CMD ["uvicorn", "main:app", "--host", "0.0.0.0", "--port", "8000"]
Build and push multi-arch images:
docker buildx create --use
docker buildx build \
--platform linux/amd64,linux/arm64 \
-t $ECR_REPO:latest \
--push .
Then update the task definition:
resource "aws_ecs_task_definition" "main" {
family = var.service_name
requires_compatibilities = ["FARGATE"]
network_mode = "awsvpc"
cpu = var.cpu
memory = var.memory
execution_role_arn = var.execution_role_arn
task_role_arn = var.task_role_arn
runtime_platform {
operating_system_family = "LINUX"
cpu_architecture = "ARM64"
}
container_definitions = jsonencode([{
name = var.service_name
image = var.image
essential = true
portMappings = [{
containerPort = var.container_port
protocol = "tcp"
}]
logConfiguration = {
logDriver = "awslogs"
options = {
"awslogs-group" = var.log_group_name
"awslogs-region" = var.region
"awslogs-stream-prefix" = var.service_name
}
}
}])
tags = var.tags
}
The key line is cpu_architecture = "ARM64". That’s it. If your Docker image is multi-arch, Fargate pulls the right architecture automatically.
Secrets Management#
Never bake secrets into container images. Use AWS Secrets Manager with ECS native integration:
resource "aws_secretsmanager_secret" "db_credentials" {
name = "${var.service_name}/${var.environment}/db-credentials"
tags = var.tags
}
# In the container definition
container_definitions = jsonencode([{
name = var.service_name
image = var.image
secrets = [
{
name = "DATABASE_URL"
valueFrom = aws_secretsmanager_secret.db_credentials.arn
},
{
name = "DJANGO_SECRET_KEY"
valueFrom = "${aws_secretsmanager_secret.app_secrets.arn}:django_secret_key::"
}
]
}])
ECS injects the secret values as environment variables at task startup. The execution role needs secretsmanager:GetSecretValue permission on the specific secret ARNs.

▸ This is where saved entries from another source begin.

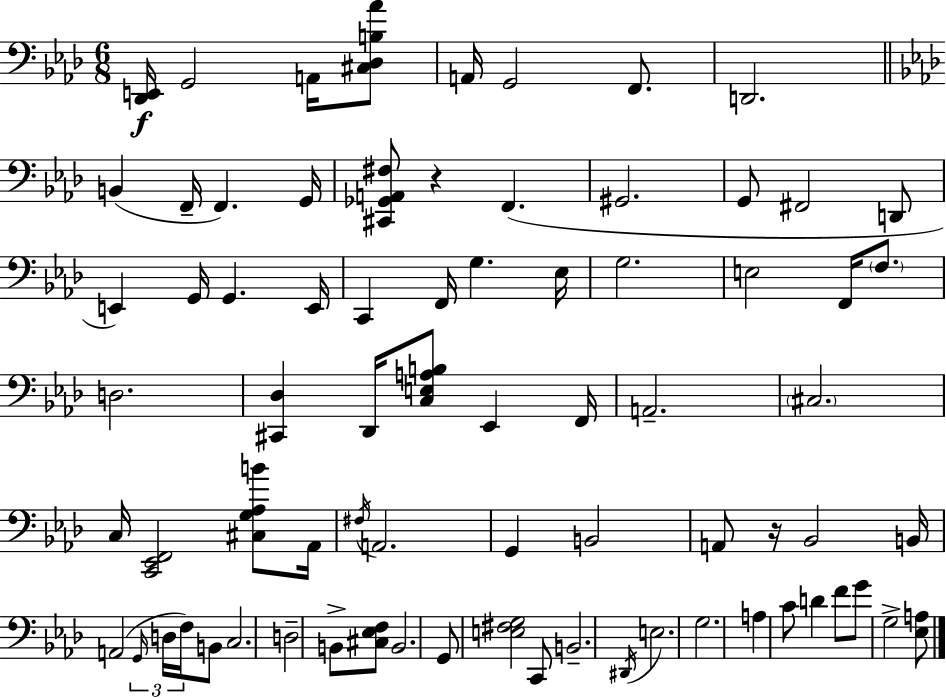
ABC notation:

X:1
T:Untitled
M:6/8
L:1/4
K:Fm
[_D,,E,,]/4 G,,2 A,,/4 [^C,_D,B,_A]/2 A,,/4 G,,2 F,,/2 D,,2 B,, F,,/4 F,, G,,/4 [^C,,_G,,A,,^F,]/2 z F,, ^G,,2 G,,/2 ^F,,2 D,,/2 E,, G,,/4 G,, E,,/4 C,, F,,/4 G, _E,/4 G,2 E,2 F,,/4 F,/2 D,2 [^C,,_D,] _D,,/4 [C,E,A,B,]/2 _E,, F,,/4 A,,2 ^C,2 C,/4 [C,,_E,,F,,]2 [^C,G,_A,B]/2 _A,,/4 ^F,/4 A,,2 G,, B,,2 A,,/2 z/4 _B,,2 B,,/4 A,,2 G,,/4 D,/4 F,/4 B,,/2 C,2 D,2 B,,/2 [^C,_E,F,]/2 B,,2 G,,/2 [E,^F,G,]2 C,,/2 B,,2 ^D,,/4 E,2 G,2 A, C/2 D F/2 G/2 G,2 [_E,A,]/2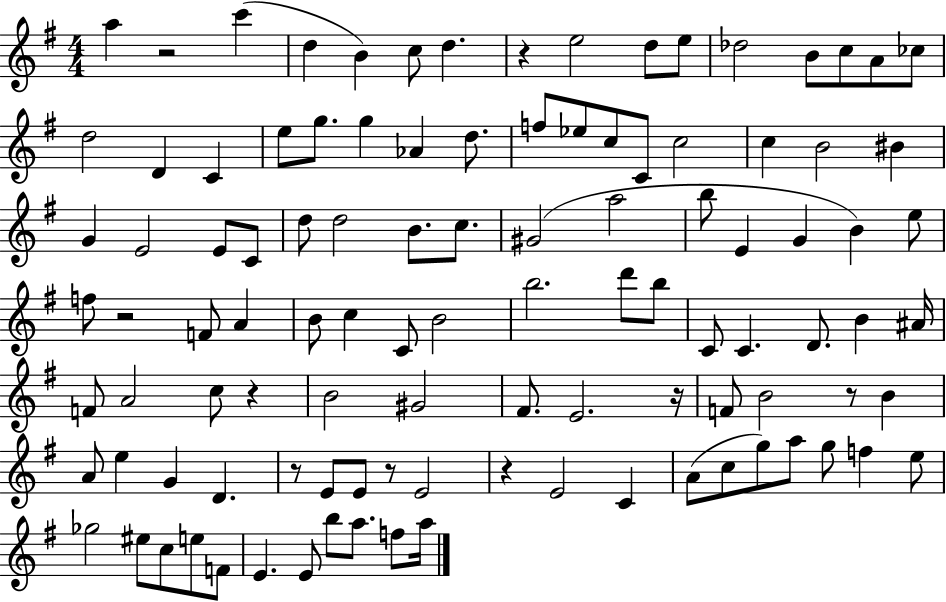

CloudWatch Logging with Sane Retention#
Every service gets a log group with a retention policy. Keeping logs forever is expensive and rarely useful:
resource "aws_cloudwatch_log_group" "main" {
name = "/ecs/${var.service_name}/${var.environment}"
retention_in_days = 14
tags = var.tags
}
14 days is usually enough for debugging. If you need longer retention for compliance, ship logs to S3 or OpenSearch.
Putting It All Together#
Here’s the complete pattern for a new service:
- ECR repository with lifecycle policy (keep last 10 images)
- ECS cluster with Container Insights enabled
- Task definition with ARM64, proper resource limits, secrets injection
- ECS service with circuit breaker, Spot strategy, auto-scaling
- ALB with HTTPS (TLS 1.3), path-based routing
- WAF with rate limiting and AWS managed rules
- Aurora Serverless v2 with environment-appropriate scaling
- Route53 private hosted zone record
- CloudWatch log group with 14-day retention
- Security groups with three-tier model (ALB -> ECS -> Aurora)
Once you have this as a set of Terraform modules, deploying a new service is just composing the modules with service-specific variables. The infrastructure is consistent, secure, and cost-optimized across all environments.